Open to the Future
Vancouver Community Library | Fort Vancouver Regional Library District | Washington
ARCHITECT: Miller Hull Partnership
TOTAL SQUARE FEET: 83,000
COST: $38 million
LEED Gold Certified
The leadership at Fort Vancouver Regional Library District in Vancouver, WA, realized how quickly and drastically the library can change. With this in mind, the new Vancouver Community Library, completed in 2012, was built to evolve with technology as well as the library’s perceptive role in the community.
The guiding vision of the design was a “drawer full of knowledge.” This describes both the concept of the whole building as an open drawer and the different areas on each level of the library.
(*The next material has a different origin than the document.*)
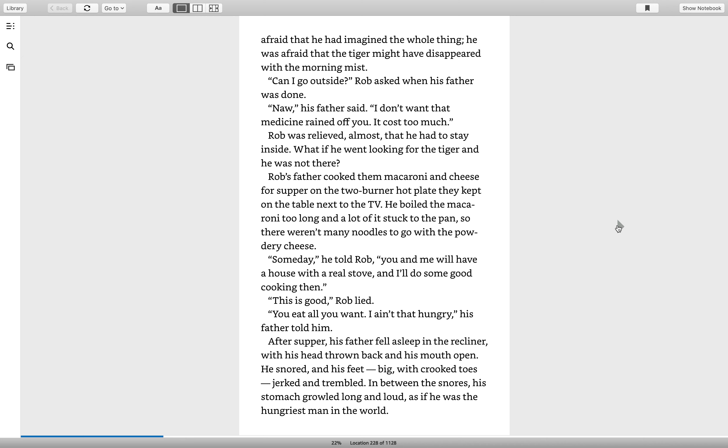After supper, his father fell asleep in the recliner with his head thrown back and his mouth open. He snored and his feet, big with crooked toes, jerked and trembled. In between the snores, his stomach growled long and loud, as if he was the hungriest man in the world.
Large volumes of glass make the book stacks, reading chairs, and children’s area plainly visible to the outside, presenting an active and transparent connection to the surrounding neighborhood.
One of the many highlights of the library is the Knowledge Wall, a four-story piece of public art that encourages guests to “Explore, Connect, or Browse.” According to the submission, many visitors can be found “staring up at it, working to identify the items depicted in the artwork and to locate inspirational words.”
The library made sure to include the residents in the design process with the goals of increasing services and to “play a cultural role in the community resurgence in the center of Washington State’s fourth largest city,” according to the submission. The library worked with staff and focus groups and held public meetings, making the community aware that it wanted the new library to “reflect and respect” the area and buildings surrounding the library. Working with the community, the library created a 4,000 square foot children’s place that is meant for hands-on learning.
A LEED Gold–certified building, more than 90 percent of the library uses natural light, with various objects strategically placed throughout to offer more shaded areas. The building also has enhanced insulation to help minimize the hot and cold air that might be transferred from the inside to the exterior. The building also harvests storm water to cut down on surface runoff, installed a terra-cotta rain screen assembly, and features native plants on its green roof.
In addition to the New Landmark Libraries status, the facility received recognition on both a national and local level, including the American Architecture Award for Distinguished Buildings–Chicago Athenaeum (Museum of Architecture and Design) and the AIA/ALA (American Institute of Architects/American Library Association) Library Building Awards. It ranked second in a list of the top ten children’s libraries by Livability Magazine.
The Vancouver Community Library is beautiful, functional, and sustainable inside and out. As one judge noted, the variety of spaces within the building demonstrates an “understanding of how a library is many things to many different people,” ensuring that the library will continue to be a community necessity for years to come.